EXERCISE OBJECTIVE: Since only the words are wanted, reproduce every entry exactly and leave the images behind.

SOURCE RECORDS:
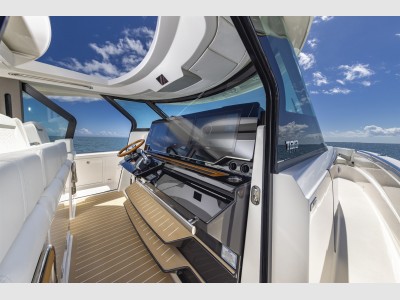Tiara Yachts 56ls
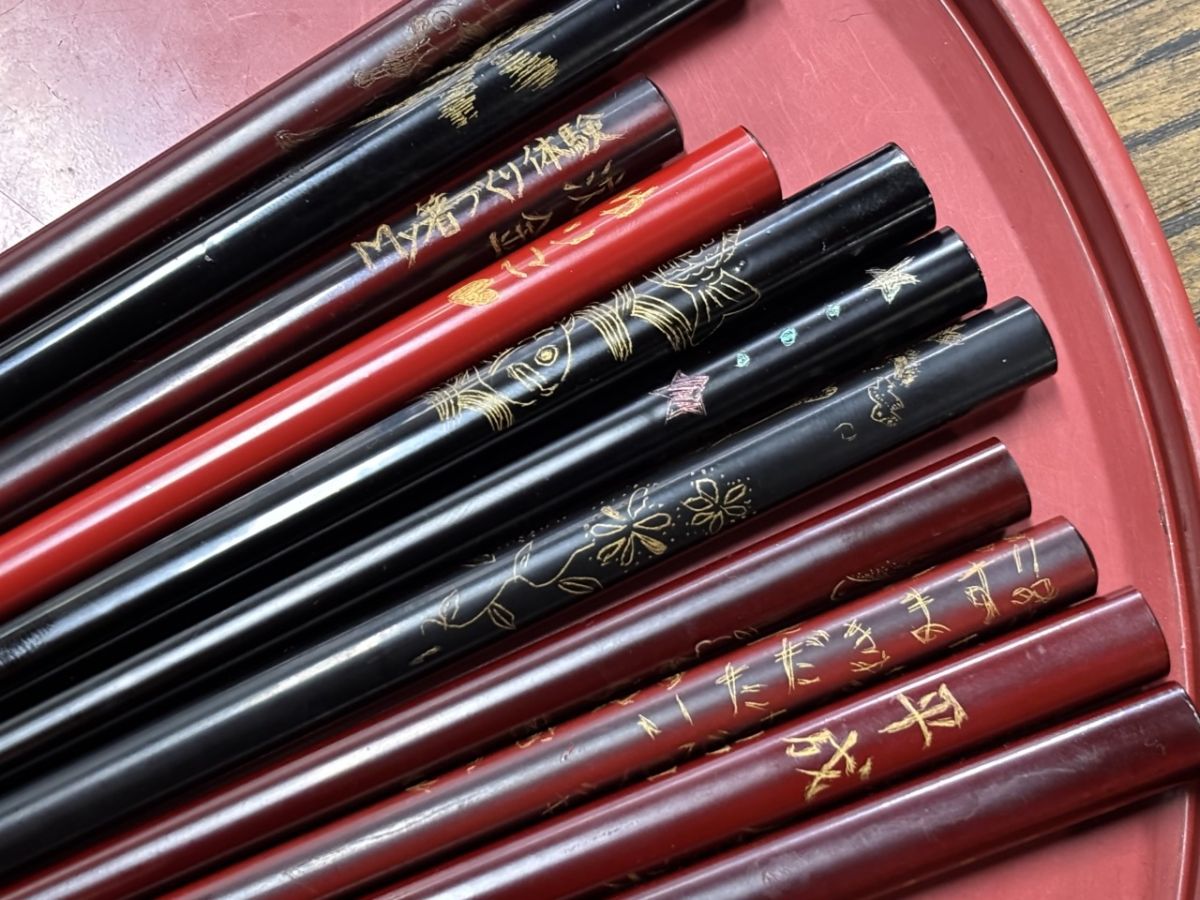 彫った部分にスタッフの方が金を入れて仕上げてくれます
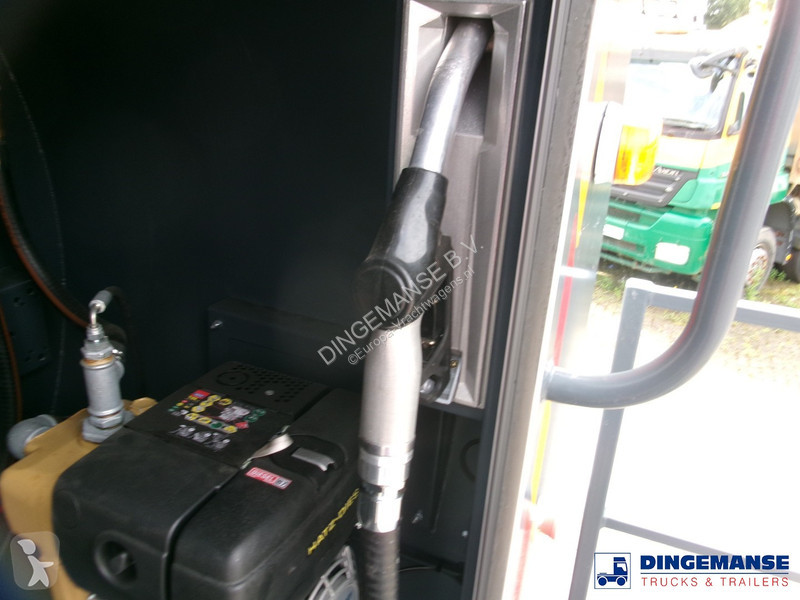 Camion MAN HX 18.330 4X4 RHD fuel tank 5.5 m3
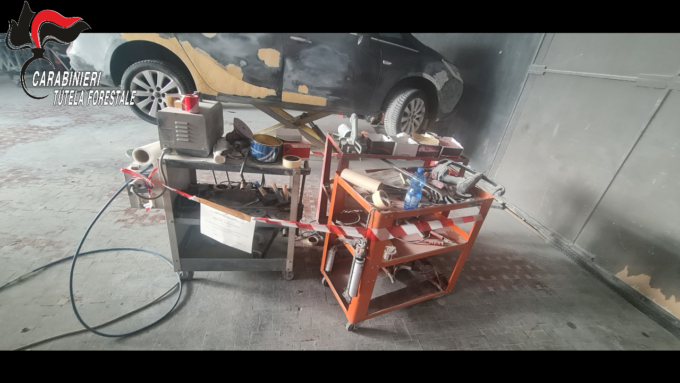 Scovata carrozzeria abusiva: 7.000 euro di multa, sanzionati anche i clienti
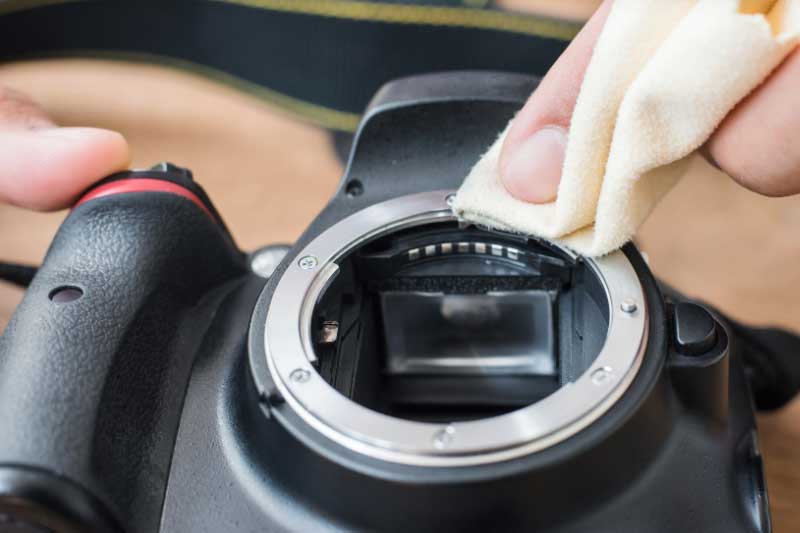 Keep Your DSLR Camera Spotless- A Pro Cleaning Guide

RESPONSE TO THE EXERCISE:
Tiara Yachts 56ls
 彫った部分にスタッフの方が金を入れて仕上げてくれます
 Camion MAN HX 18.330 4X4 RHD fuel tank 5.5 m3
 Scovata carrozzeria abusiva: 7.000 euro di multa, sanzionati anche i clienti
 Keep Your DSLR Camera Spotless- A Pro Cleaning Guide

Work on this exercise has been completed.